Gen Med, ICU and Misc Flashcards
What is a Measurand with regard to biochemical testing?
A specifically defined analyte (=constituent of interest)
How do ion selective electrodes work to assess electrolytes? What are their advantages and disadvantages?
Contain an electrode which measures the potential difference the electrolyte of interest and a reference
Advantage: cheap, quick
Disadvantage: Affected by pH, unable to detect interference
What is the basic principle of chemical assays?
Chemical reaction creates colour change which is detected by spectrophotometry
What is the principle of enzymatic assays?

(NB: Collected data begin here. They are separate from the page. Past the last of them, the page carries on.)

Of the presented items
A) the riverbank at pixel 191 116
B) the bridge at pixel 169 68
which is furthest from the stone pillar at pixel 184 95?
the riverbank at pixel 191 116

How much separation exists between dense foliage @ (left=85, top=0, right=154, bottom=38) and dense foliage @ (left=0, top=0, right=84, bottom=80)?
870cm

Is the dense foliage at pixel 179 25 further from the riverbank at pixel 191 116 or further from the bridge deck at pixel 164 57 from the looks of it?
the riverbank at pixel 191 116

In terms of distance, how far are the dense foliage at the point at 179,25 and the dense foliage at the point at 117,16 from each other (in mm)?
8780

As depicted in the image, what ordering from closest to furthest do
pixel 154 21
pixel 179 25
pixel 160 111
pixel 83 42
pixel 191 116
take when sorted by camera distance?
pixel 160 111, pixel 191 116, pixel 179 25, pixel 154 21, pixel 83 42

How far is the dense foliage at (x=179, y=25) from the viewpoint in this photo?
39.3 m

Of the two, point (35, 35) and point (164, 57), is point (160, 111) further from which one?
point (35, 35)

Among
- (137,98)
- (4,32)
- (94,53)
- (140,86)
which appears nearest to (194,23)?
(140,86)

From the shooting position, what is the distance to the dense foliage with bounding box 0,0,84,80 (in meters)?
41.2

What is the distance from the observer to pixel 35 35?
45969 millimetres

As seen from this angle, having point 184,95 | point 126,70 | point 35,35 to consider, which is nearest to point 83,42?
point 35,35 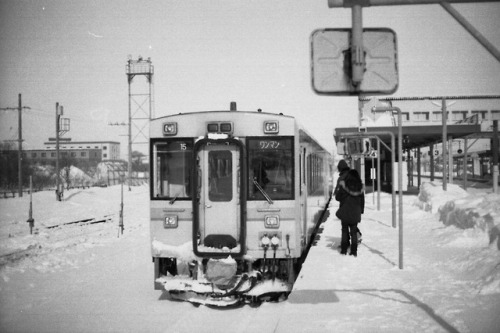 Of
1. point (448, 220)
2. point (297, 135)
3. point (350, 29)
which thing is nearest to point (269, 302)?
point (297, 135)

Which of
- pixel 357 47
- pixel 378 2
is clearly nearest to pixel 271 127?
pixel 357 47

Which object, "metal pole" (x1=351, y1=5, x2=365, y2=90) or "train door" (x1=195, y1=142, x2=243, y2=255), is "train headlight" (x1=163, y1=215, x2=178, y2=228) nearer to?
"train door" (x1=195, y1=142, x2=243, y2=255)

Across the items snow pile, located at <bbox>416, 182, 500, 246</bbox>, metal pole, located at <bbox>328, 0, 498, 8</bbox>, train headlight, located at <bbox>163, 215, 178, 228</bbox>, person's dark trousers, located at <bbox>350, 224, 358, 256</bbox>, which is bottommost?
person's dark trousers, located at <bbox>350, 224, 358, 256</bbox>

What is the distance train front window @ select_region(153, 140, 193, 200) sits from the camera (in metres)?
7.55

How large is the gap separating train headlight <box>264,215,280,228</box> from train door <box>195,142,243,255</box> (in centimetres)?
41

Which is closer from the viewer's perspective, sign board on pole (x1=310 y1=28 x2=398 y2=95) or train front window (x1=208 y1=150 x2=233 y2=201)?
sign board on pole (x1=310 y1=28 x2=398 y2=95)

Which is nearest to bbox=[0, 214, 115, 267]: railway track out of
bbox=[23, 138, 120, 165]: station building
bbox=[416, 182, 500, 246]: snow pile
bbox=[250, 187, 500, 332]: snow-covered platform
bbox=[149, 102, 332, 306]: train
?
bbox=[149, 102, 332, 306]: train

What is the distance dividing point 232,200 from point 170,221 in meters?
1.03

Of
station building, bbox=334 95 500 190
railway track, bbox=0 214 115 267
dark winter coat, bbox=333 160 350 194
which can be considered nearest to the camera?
dark winter coat, bbox=333 160 350 194

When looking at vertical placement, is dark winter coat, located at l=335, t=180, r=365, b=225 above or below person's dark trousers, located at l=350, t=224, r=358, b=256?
above

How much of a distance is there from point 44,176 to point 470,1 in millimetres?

Quantification of substrate or enzyme by measuring the rate of reaction via colour change
What are the serum indices?
Factors that cause interference on assays, typically lipaemia, haemolysis, icterus and antioxidants
What is the underlying principle of immunoassays?
Detection of antigen via specific antibodies, with labelling of antigen or antibody
What is the principle behind sandwich immunoassays?
Detection of an analyte through the capture antibody and a detection antibody, quantity correlates to intensity of signal
Good for larger analytes as requires 2 immunoreactive sites
What is the principle behind competitive immunoassay?
Samples competes with a labelled analyte for binding to a specific antibody, where quantity inversely correlates to intensity of signal
Good for smaller molecules
What is the principle behind a lateral flow assay?
Sandwich assay for specific antigen, with control line often containing antibody against capture antibody
What is the principle behind immunoturbidimetry/nephelometry?
Aggreagation of antibody labelled microbeads due to the presence of antigen increases the turbidity of a sample, which is detected by scatter of light (nephelometry) or penetrance of light (turbidimetry)
What are the main interferences for immunoassays?
- HAMA (human anti-mouse antibody) - result from “immunisation” due to exposure to animal antigen, administration of animal immunoglobulin
- Heterophile antibodies -non specific antibody interference (associated with RF)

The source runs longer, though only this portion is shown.